A study conducted by researchers at Rutgers Robert Wood Johnson Medical School, found that for medical students on deadline, taking a two-hour introductory class on mindfulness may be just as beneficial for reducing stress and depression as taking an eight-week meditation course.
The study, “Mindfulness Meditation for Medical Students: a Student-Led Initiative to Expose Medical Students to Mindfulness Practices,” published in the February 2019 issue of the journal Medical Science Educator, reported that many medical students would like to use meditation to avoid burnout and provide better medical care. However, they are daunted by the prospect of making time for a daily meditation routine.
“What we found should encourage even the busiest medical students and physicians,” said lead author Dr.
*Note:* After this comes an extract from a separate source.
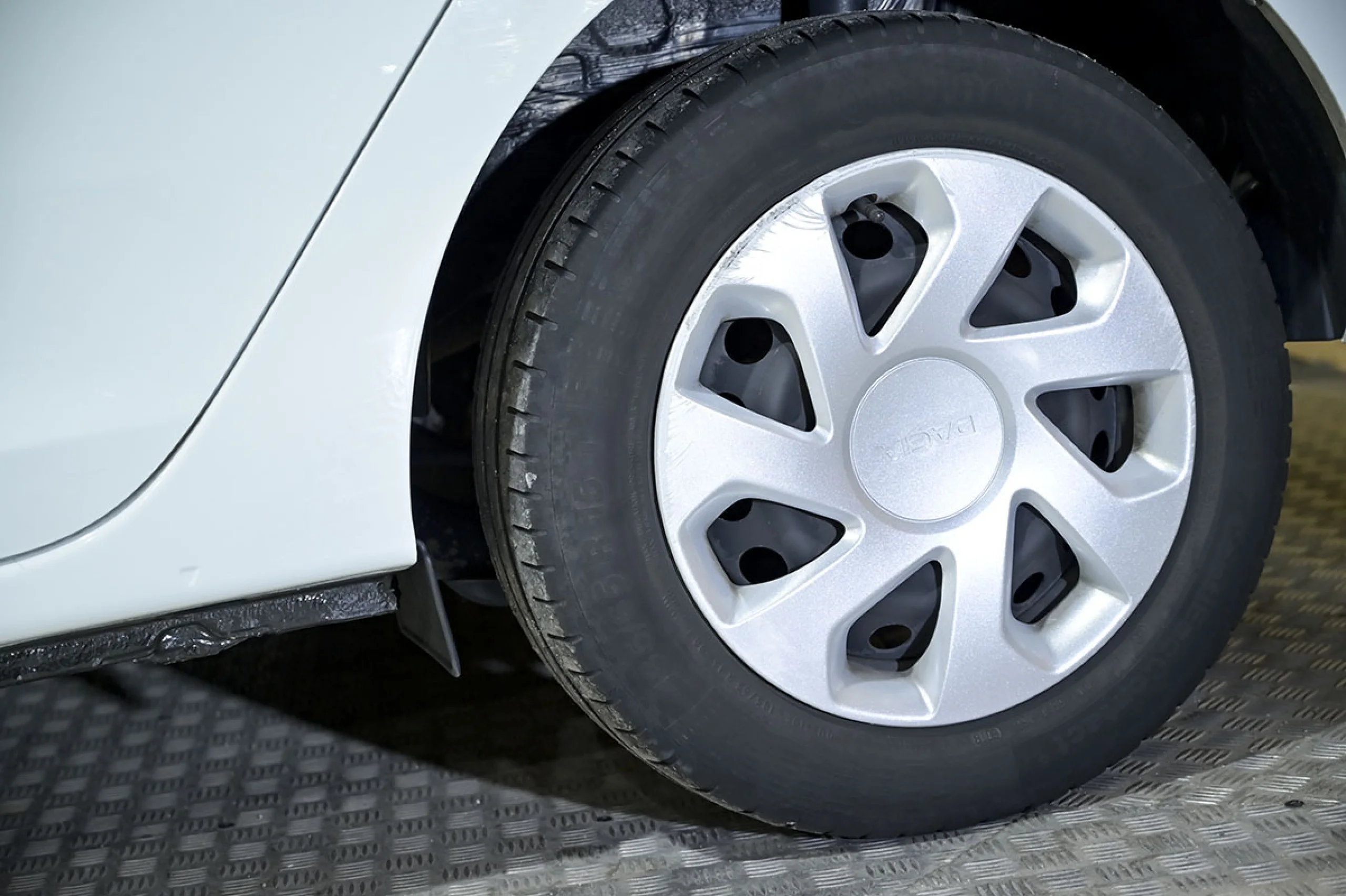 Dacia Logan Essential TCE 66kW 90CV GLP  18 - Foto 14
Periel Shapiro, an MD candidate at Rutgers Robert Wood Johnson Medical School. “There are shorter, sustainable ways to bring meditation into your life, and they can help you reduce stress and depression and improve your medical study and practice.”
The purpose of the study was to explore the feasibility and impact of a brief mindfulness training for medical students and to learn about the perceptions, expectations, and problems associated with mindfulness practices in the context of medicine and medical education.
Study authors concluded that a mindfulness course for medical students is feasible and has potential as a wellness and educational initiative. Shorter duration mindfulness interventions may increase accessibility without significantly reducing benefit. Interpretation of overarching themes derived from the grounded theory analysis illuminates the subject of mindfulness for medical students from the perspective of students themselves.
Robert Lebeau, an assistant professor at Rutgers Robert Wood Johnson Medical School and director of the school’s Cognitive Skills Program, and Anthony Tobia, an assistant professor of psychiatry at Rutgers Robert Wood Johnson Medical School, also participated in the study.